[ 
https://issues.apache.org/jira/browse/KAFKA-20322?page=com.atlassian.jira.plugin.system.issuetabpanels:all-tabpanel
 ]

Ritika Reddy updated KAFKA-20322:
---------------------------------
    Description: 
 Bug: TransactionMarkerChannelManager does not discover broker API versions, 
causing UnsupportedVersionException during rolling 
  upgrades                                                                      
                                                      
                  
 
[KIP-1228|https://cwiki.apache.org/confluence/display/KAFKA/KIP-1228%3A+Add+Transaction+Version+to+WriteTxnMarkersRequest]
 (KAFKA-19446) added WriteTxnMarkersRequest v2 with a TransactionVersion field. 
However, TransactionMarkerChannelManager creates its NetworkClient with 
discoverBrokerVersions=false, which disables API version negotiation with peer 
brokers. Without version discovery, the ApiVersions cache is never populated — 
apiVersions.get(nodeId) returns null in NetworkClient.doSend(), causing it to 
fall through to builder.latestAllowedVersion() which blindly uses the highest 
version the sending broker knows about rather than negotiating a mutually 
supported version. TransactionMarkerChannelManager is the only inter-broker 
NetworkClient that sets discoverBrokerVersions=false; all others 
(ReplicaFetcherThread, AlterPartitionManager, ForwardingManager, etc.) 
correctly use true.

*IMPACT:* When a 4.2+ broker is the transaction coordinator and needs to write 
markers to a 4.1 or earlier broker (partition leader),
it sends WriteTxnMarkersRequest v2, which the older broker doesn't support, 
causing UnsupportedVersionException.

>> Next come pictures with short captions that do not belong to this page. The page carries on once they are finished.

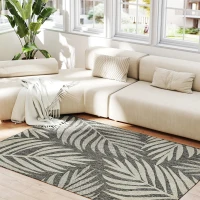 HOMCOM UV Resistant Indoor & Outdoor Area Rug, Easy-Cleaning Machine Washable Rug for Patio, Garden, Kitchen, Bathroom or Living Room, 170 x 120 cm, Grey(m-8)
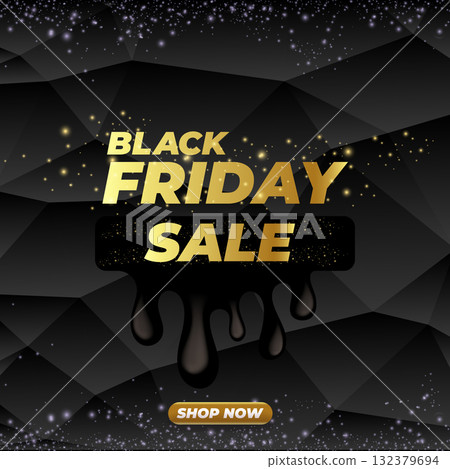 Black Friday sale SQUARE banner with golden text. Black friday melt label, sticker, icon isolated on black CRYSTAL background. creative graphic for promotional banners, social media, shopping labels Black Friday sale SQUARE banner with golden text. Black friday melt label, sticker, icon isolated on black CRYSTAL background. creative graphic for promotional banners, social media, shopping labels 132379694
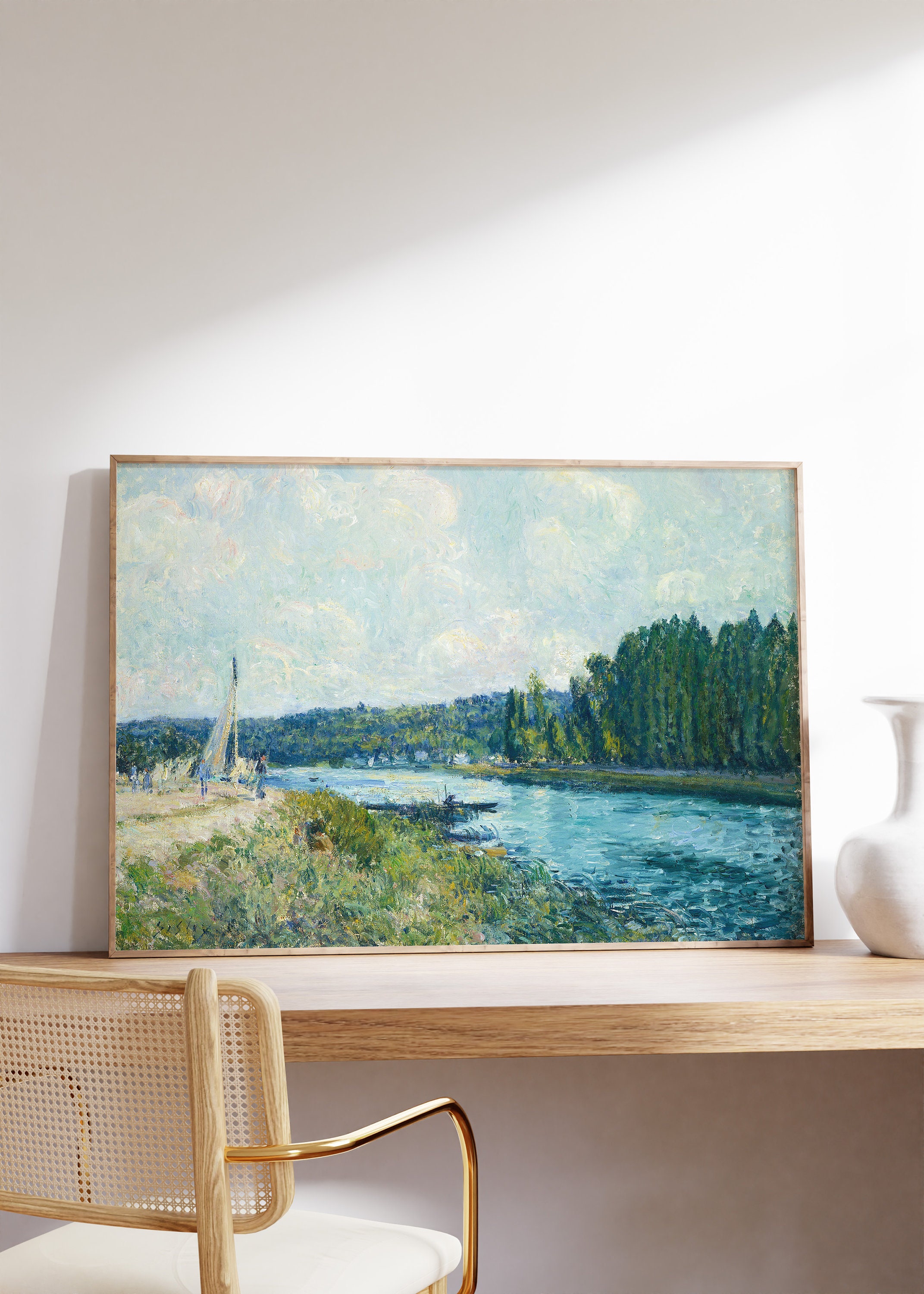 Alfred Sisley、ソール通り、希少画集画、新品高級額、額装付、状態良好 Alfred Sisley、セーヌ河、希少画集画、新品高級額、額装付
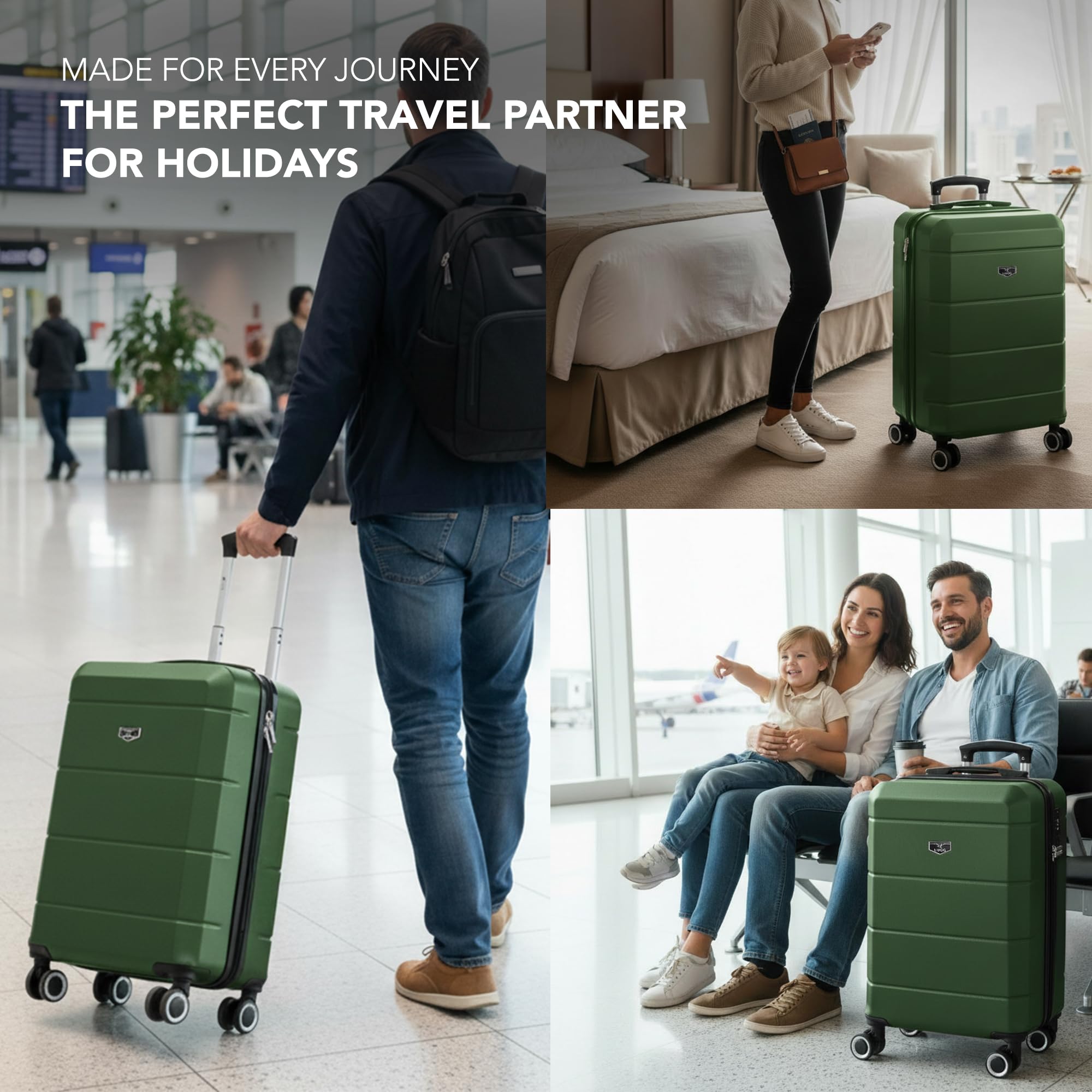 LUGG - Jetset 40cm Suitcase - 40x30x20cm- Ryanair Compatible - Underseat Size - Hard Shell ABS - Spinner & Removable Wheels - Lightweight Travel Luggage- Cream/Brown — view 83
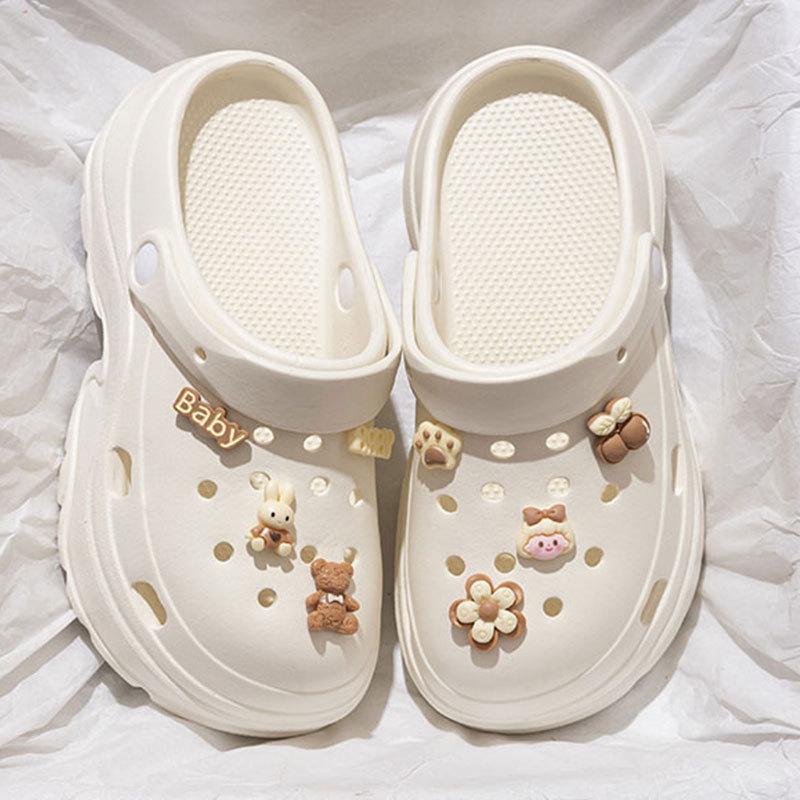 Women's Chunky Height-Boosting Odor-Resistant EVA Beach Sandals - Trendy Summer Baotou Slippers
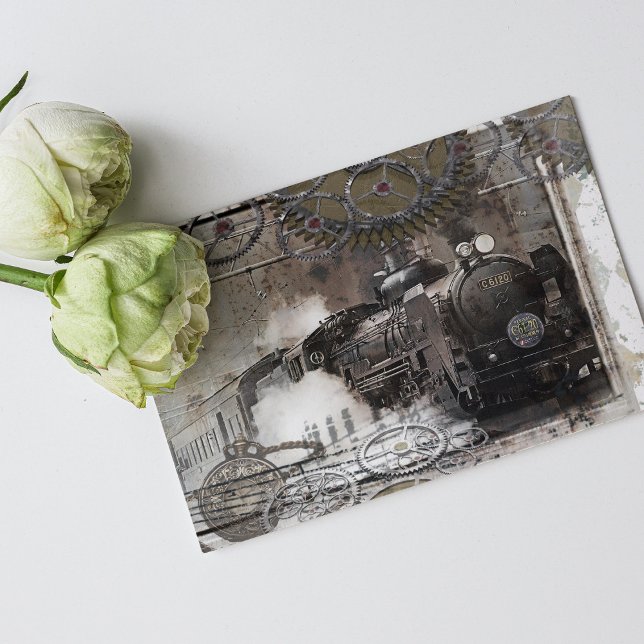 Steam Engine Steampunk Wedding Invitation (Creator Uploaded)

Transaction markers are never written, 
leaving transactions stuck in PrepareCommit/PrepareAbort. This prevents the LSO 
(Last Stable Offset) from
advancing, which blocks all read_committed consumers on affected partitions. 
The issue is self-resolving once all brokers are
upgraded to the same version, but transactions stuck during the mixed-version 
window remain blocked until the coordinator retries
successfully.

*AFFECTED CODE:* 
core/src/main/scala/kafka/coordinator/transaction/TransactionMarkerChannelManager.scala

  
[https://github.com/apache/kafka/blob/trunk/core/src/main/scala/kafka/coordinator/transaction/TransactionMarkerChannelManager.scala#L98|http://example.com]

  SOLUTION: Set discoverBrokerVersions to true in 
TransactionMarkerChannelManager's NetworkClient constructor. This enables the 
client
   to send ApiVersionsRequest when connecting to each broker, populate the 
ApiVersions cache, and use latestUsableVersion() to
  negotiate the correct request version. A one-line change.

  was:
This bug was introduced from 
[KIP-1228|https://cwiki.apache.org/confluence/display/KAFKA/KIP-1228%3A+Add+Transaction+Version+to+WriteTxnMarkersRequest]
 where a new WriteTxnMarker request version (v2) was introduced. However, the 
TransactionMarkerChannelManager still created its NetworkClient with 
discoverBrokerVersions=false, which disables API version negotiation with peer 
brokers. This causes the transaction coordinator to blindly send 
WriteTxnMarkersRequest at the latest supported version, which fails with 
UnsupportedVersionException when the target broker is running an older version 
that doesn't support that version. Transactions get permanently stuck in 
PrepareCommit or PrepareAbort during rolling upgrades.

*ROOT CAUSE:* TransactionMarkerChannelManager creates NetworkClient with 
discoverBrokerVersions=false, which disables API version discovery. Without 
version discovery, NetworkClient blindly uses the latest API version for all 
requests. Discovery should be set to true for compatibility.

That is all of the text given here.